[Collected data entries]
☆ ☆ ☆ ☆

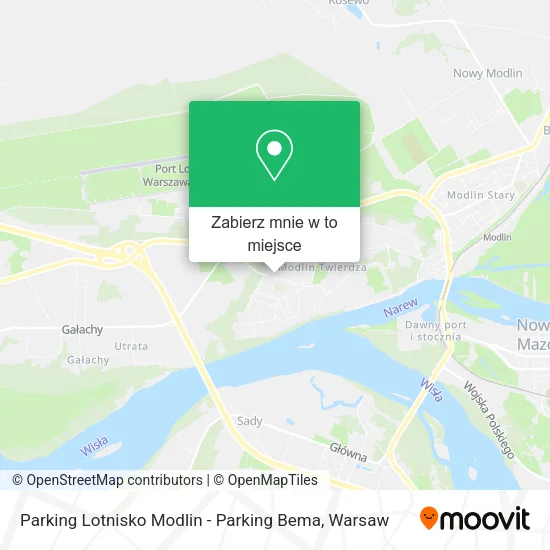 Mapa Parking Lotnisko Modlin - Parking Bema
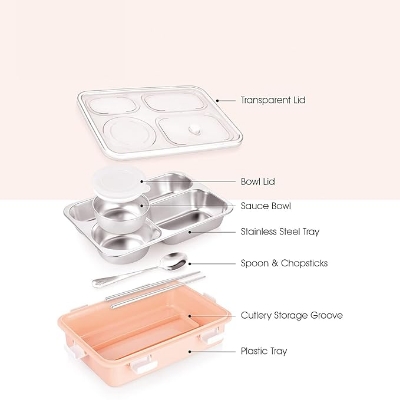 Picture of 4 Compartment lunch box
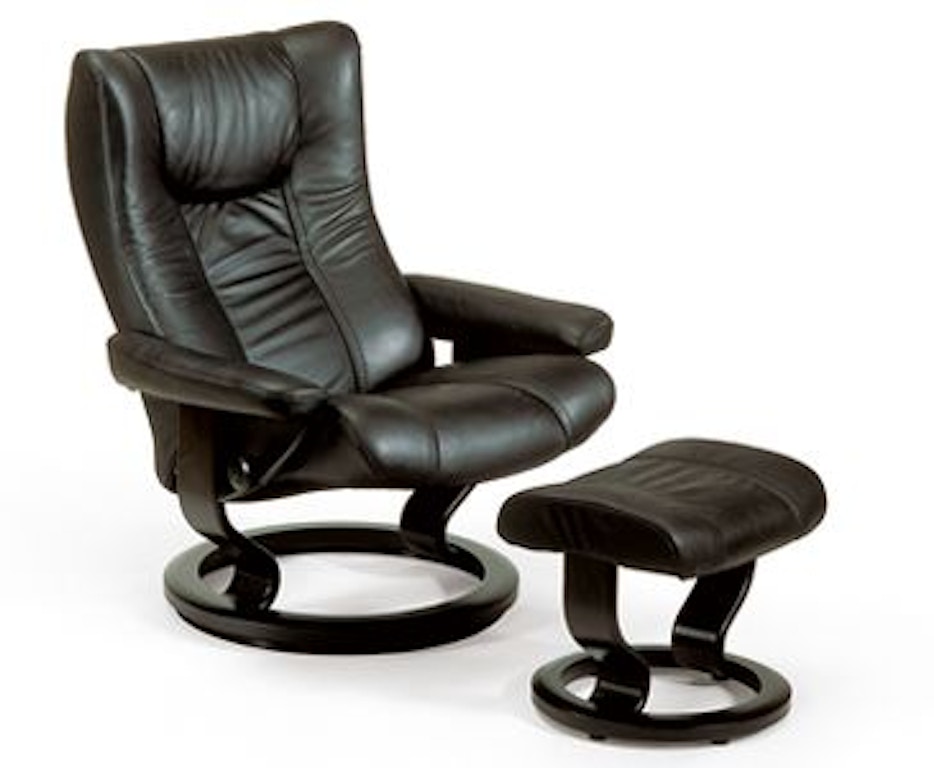 Stressless By Ekornes Living Room Stressless Wing Large Classic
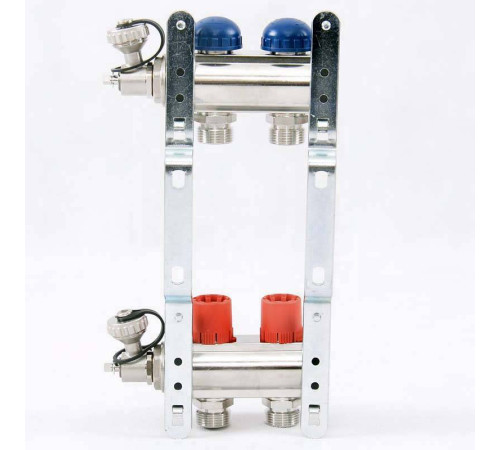 Коллекторная группа с балансировочными и термостатическими вентилями UNI-FITT 1x3/4 EK 2 выхода 441E4302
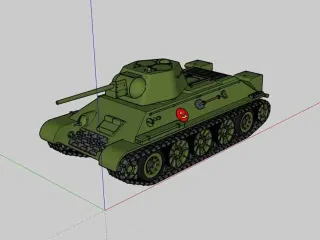 Russian Tank, Dschersinski «T-34 - M1941» Model T34/76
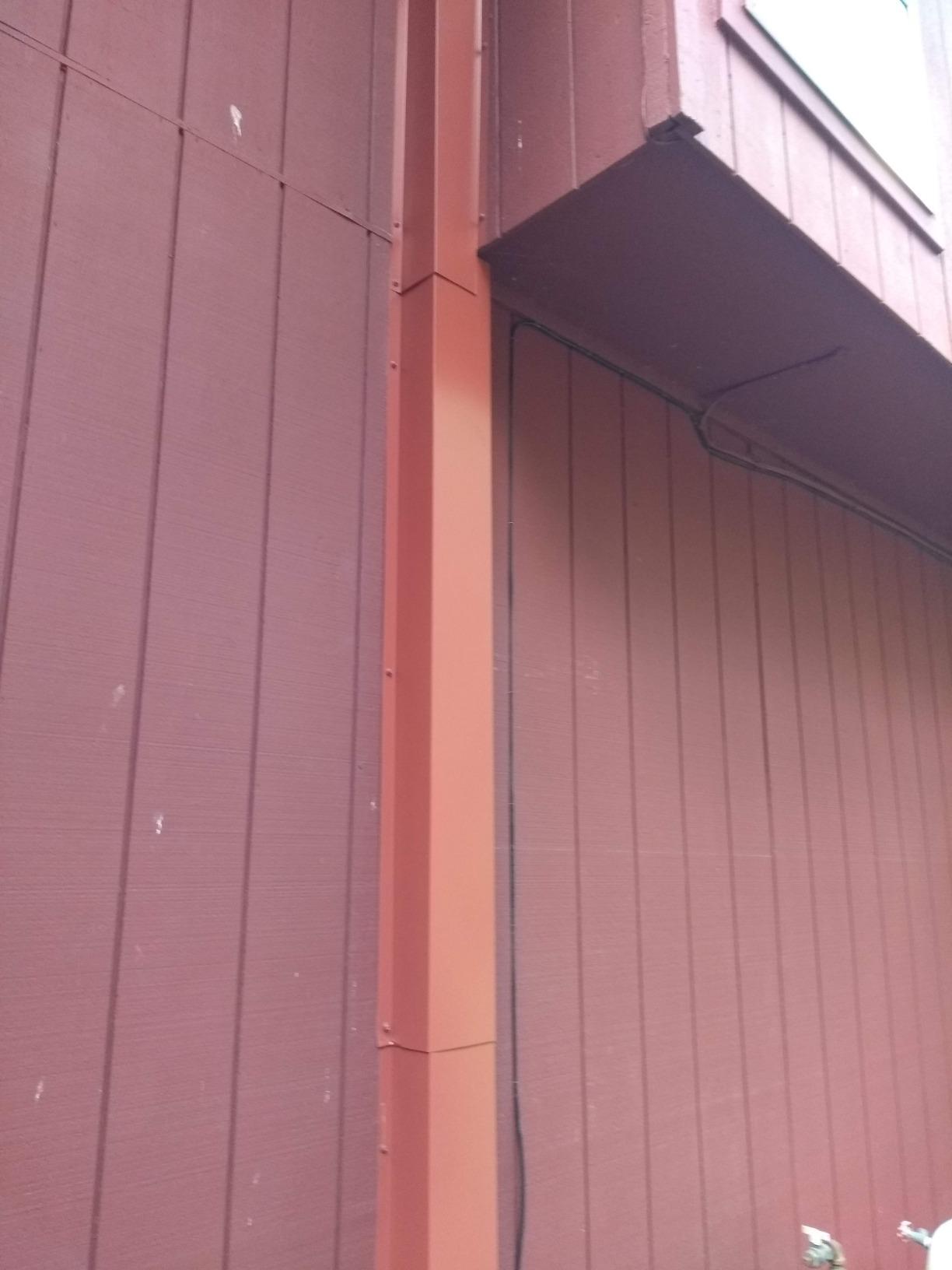 Line Set Cover installed on HVAC unit.
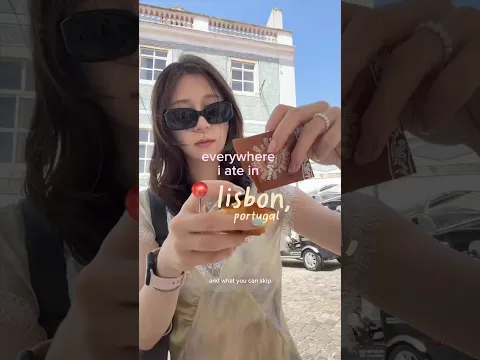 lisbon restaurants worth the hype 🇵🇹 #foodreview #portugal #lisbon #travelvlog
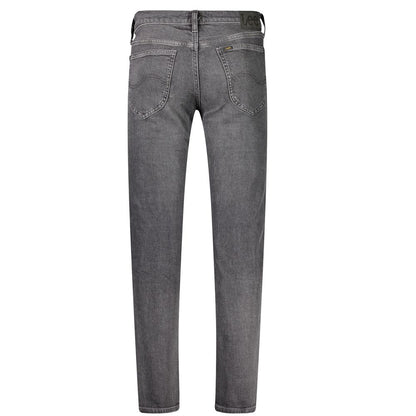 Lee Black Cotton Men Jeans, stylish back view showcasing modern design and discreet logo, ideal for a confident, sophisticated look.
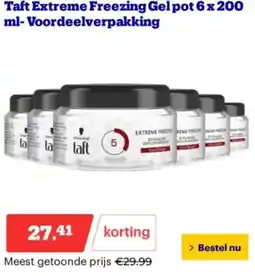 Bol.com Taft Extreme Freezing Gel pot Voordeelverpakking aanbieding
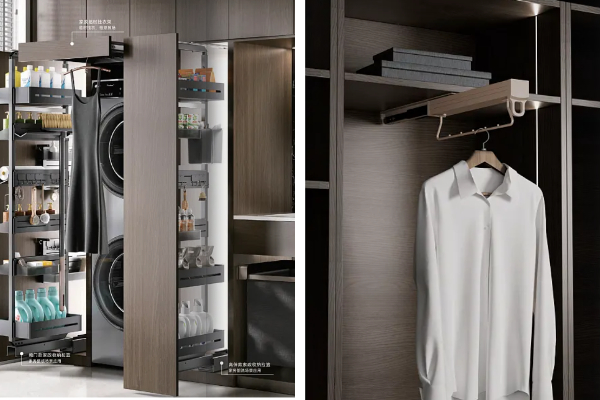 Cucina arancione brillante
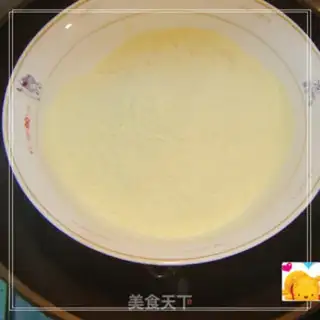 Make Green bean cake step 1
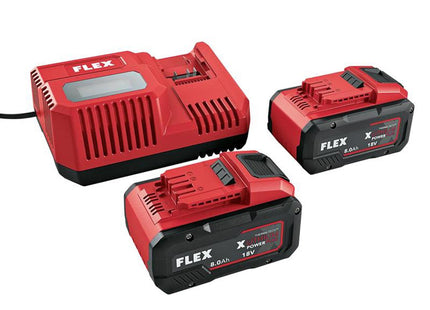 Flex Power Tools P-Set 18-88 R Battery & Charger Set 18V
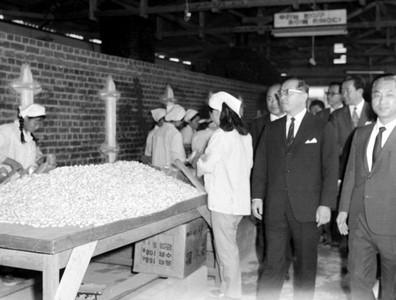 정일권 국무총리 춘천 시찰 사진 이미지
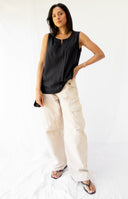 Calvin Klein Pleat Detail Top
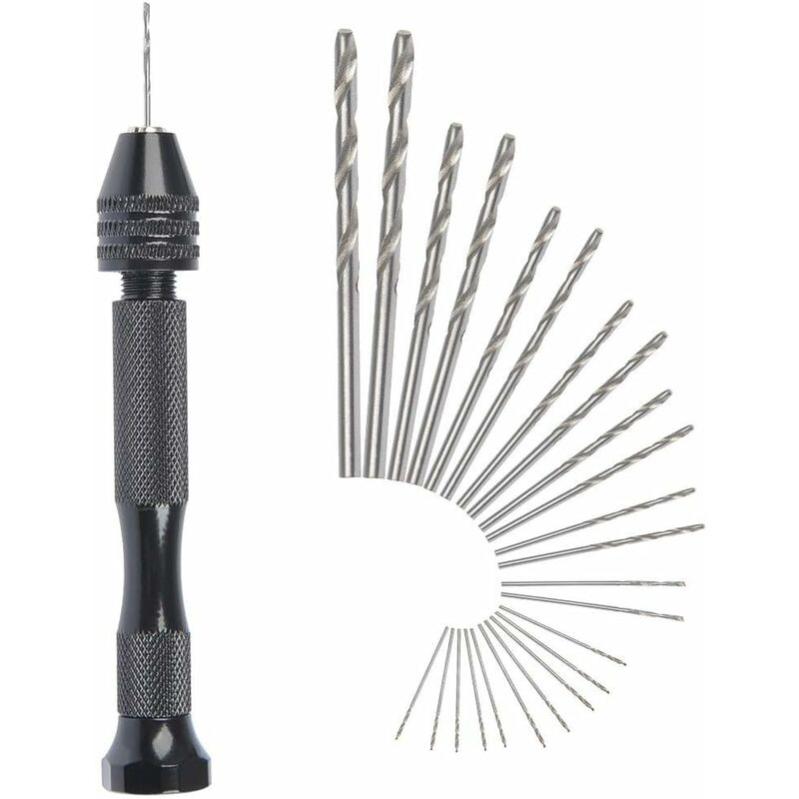 MIni perceuse à main Twist Drill Bits 25 micro forets hélicodaux sans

☆ ☆ ☆ ☆

- WHAT THE TASK ASKS: Take the line with "Make Green bean cake step 1" as the first line and the last line of the records above as the final one; reproduce exactly the lines between them, both included, without pictures.

- EXPECTED ANSWER:
 Make Green bean cake step 1
 Flex Power Tools P-Set 18-88 R Battery & Charger Set 18V
 정일권 국무총리 춘천 시찰 사진 이미지
 Calvin Klein Pleat Detail Top
 MIni perceuse à main Twist Drill Bits 25 micro forets hélicodaux sans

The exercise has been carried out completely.